YOUR ASSIGNMENT: A faithful copy of the listing below is needed, with its pictures left out.

**** COLLECTED DATA ****

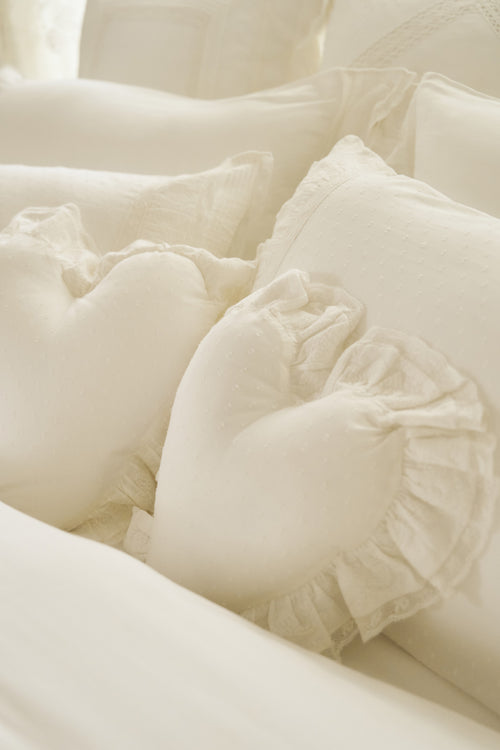 Victorian Accent Pillow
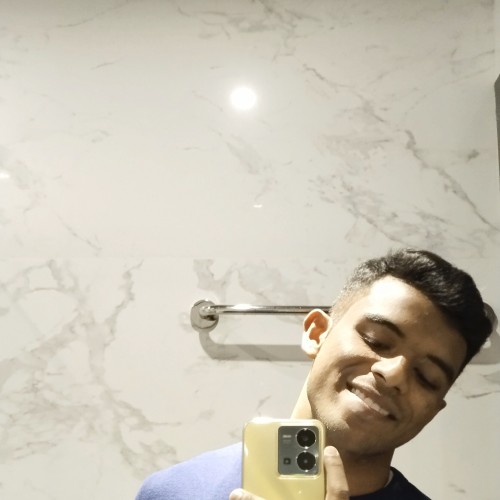 Akash R.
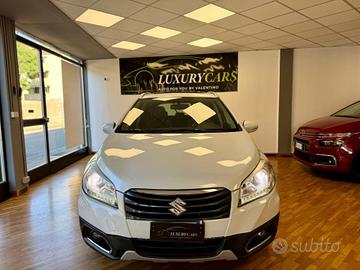 Suzuki S-Cross 1.6 DDiS Easy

****

SOLUTION TO THIS PROBLEM:
 Victorian Accent Pillow
 Akash R.
 Suzuki S-Cross 1.6 DDiS Easy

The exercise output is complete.